I doubt it's related to the state the command stream was in when flush was called. Instead it seems more likely that the call to GenSyncTokenCHROMIUM, which implied a synchronous IPC, was both flushing the command stream and causing enough back-pressure on the renderer process to avoid swamping the GPU.

What if you put in the call to gl_->DescheduleUntilFinishedCHROMIUM() (in DrawingBuffer::FinishPrepareTextureMailboxGpu) which is currently only enabled on macOS. Does that help with the stuttering? That was necessary as a back-pressure mechanism on integrated GPUs in particular.

I can experiment more, but I suspect the current location for MacOS may be
too late since it looks as if the new texture is in a state where the GPU
can start rendering it. Assuming my hypothesis is right, we do want to wait
"in the middle" and not atomically. The point of "deschedule until
finished" would be to allow previous work to finish before bundling up a
new FBO texture for the GPU to work on. But I don't know how deep the
pipeline overlap is in the non-VR case.

Another problem is that part of the previous frame's work we want to wait
for in the VR case is in an unrelated context that the GPU process doesn't
know about, so it can't fence it right unless it has a cross process fence
(which we are looking into, was discussing this with reveman@ today).
One more thing, I think the issue isn't swamping the GPU as such, in the VR
case at least it's scheduling outstanding work in a bad order. I suspect
that the GPU driver treats a renderable FBO as high priority since it's
usually used as input for further rendering steps, not realizing that it's
for a future frame and is making the previous frame late. But that's
guesswork at this point.
For background, I'm assuming that integrated GPU scheduling is similar to
this Mali documentation:
https://community.arm.com/graphics/b/blog/posts/mali-performance-2-how-to-correctly-handle-framebuffers
. I think I saw similar notes for Adreno that unbinding an FBO is a signal
to start rendering.
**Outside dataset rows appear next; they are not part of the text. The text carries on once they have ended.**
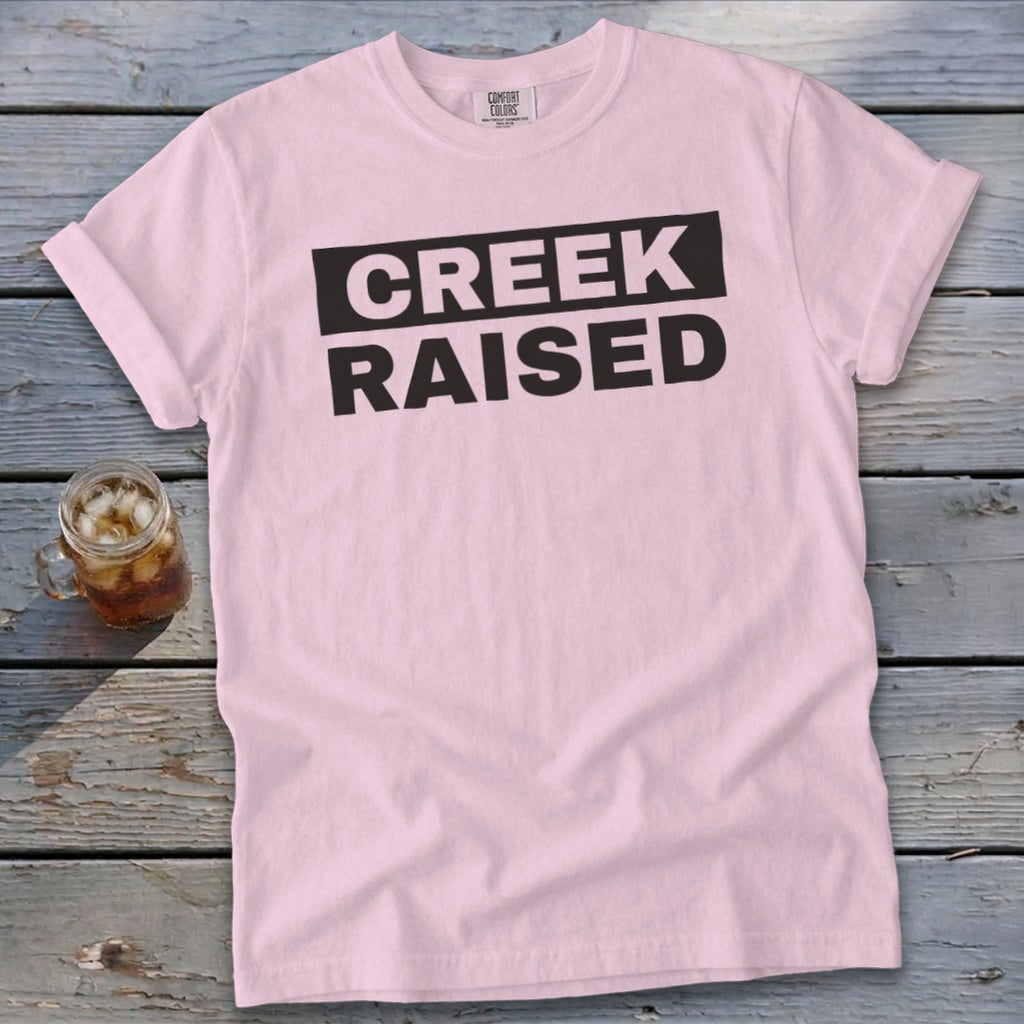 Pink Comfort Colors t-shirt with black text reading "CREEK RAISED".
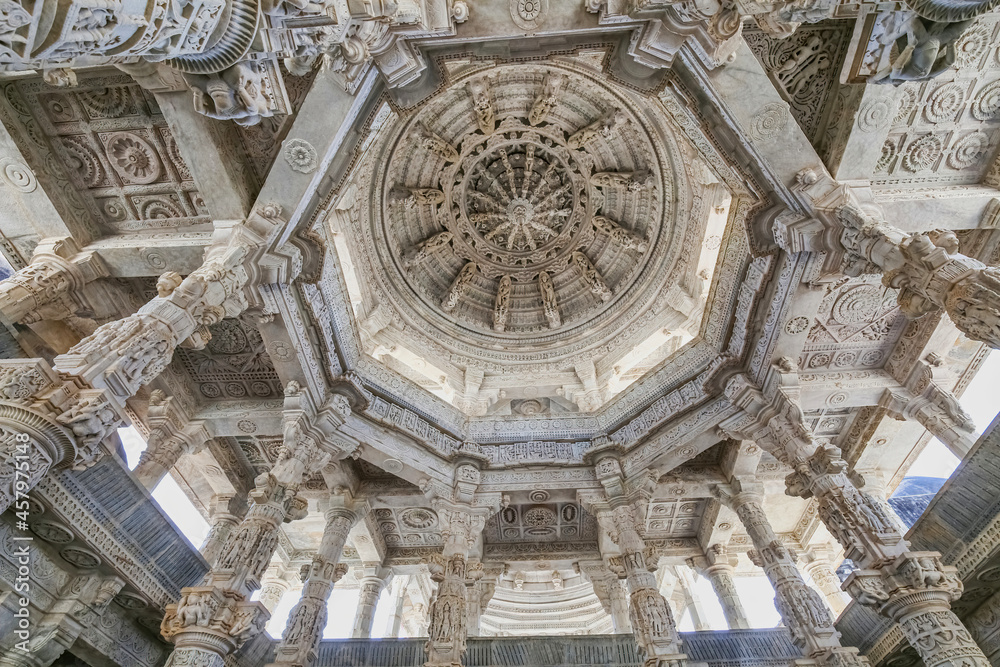 Historic Dilwara temple interior architecture with view of intricately carved stone ceiling with columns with beautiful artwork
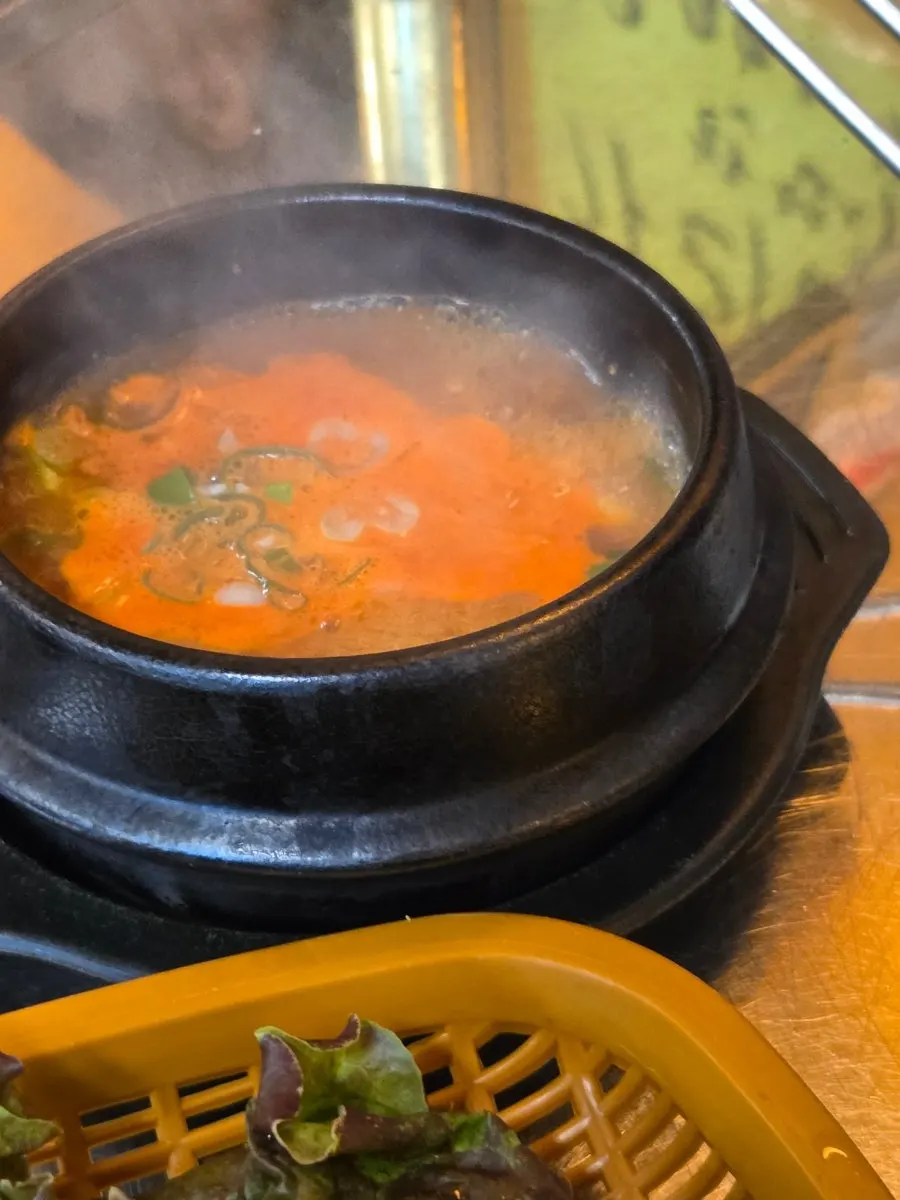 Bibimbap topped with a piece of grilled meat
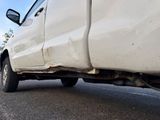 a white truck that is parked on the side of the road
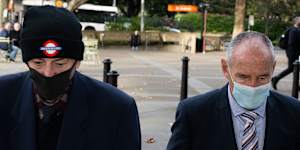 Chris Dawson (right) arrives at the NSW Supreme Court on Friday with his older brother,Peter Dawson.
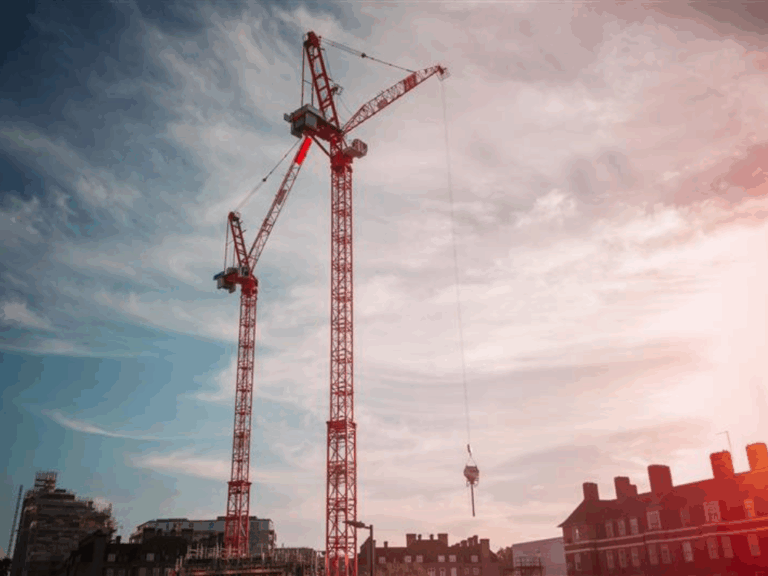 Two tall red construction cranes against a partly cloudy sky with buildings in the foreground.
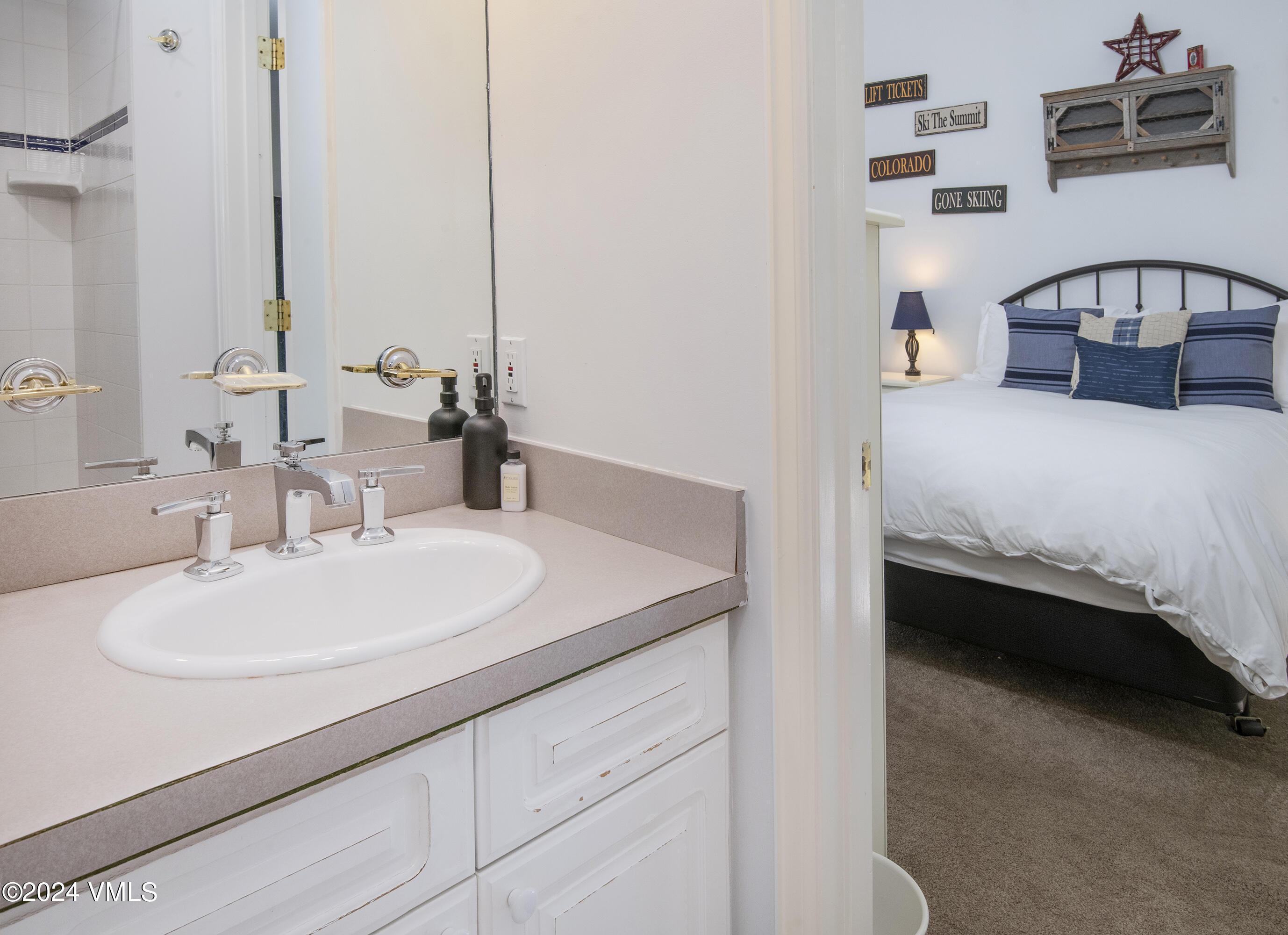 1968 Vermont Road Vail, CO 81657 - Photo 35 of 69 a en suite bathroom with a double vanity sink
But this is not well documented and appears very
implementation dependent.
re comment #11, you're right that the performance-changing part of the patch is the GenSyncToken call, specifically https://chromium-review.googlesource.com/696666 for FinishPrepareTextureMailboxGpu at line 405:
-    gl_->GenSyncTokenCHROMIUM(
+    gl_->GenUnverifiedSyncTokenCHROMIUM(
         fence_sync, color_buffer_for_mailbox->produce_sync_token.GetData());

If I undo just this change, the slow/fast pattern goes away. (The CopyToPlatformTexture changes aren't relevant, the WebVR render path doesn't use that in the usual case where preserveDrawingBuffer is off.)

After spending a few hours on experimenting, I'm confused about what's going on.

Smooth render at ~45fps:
- GenSyncTokenCHROMIUM in FinishPrepareTextureMailboxGpu
- wait-after-mailbox in VRDisplay
  (This is basically the before-r506501 logic)

Smooth render at ~42fps"
- wait-before-mailbox in VRDisplay
  This is the proposed change from https://chromium-review.googlesource.com/c/chromium/src/+/703998,
  in this case changing Gen{,Unverified}SyncTokenCHROMIUM has little effect. (Maybe a 1fps drop for GenSyncTokenCHROMIUM.)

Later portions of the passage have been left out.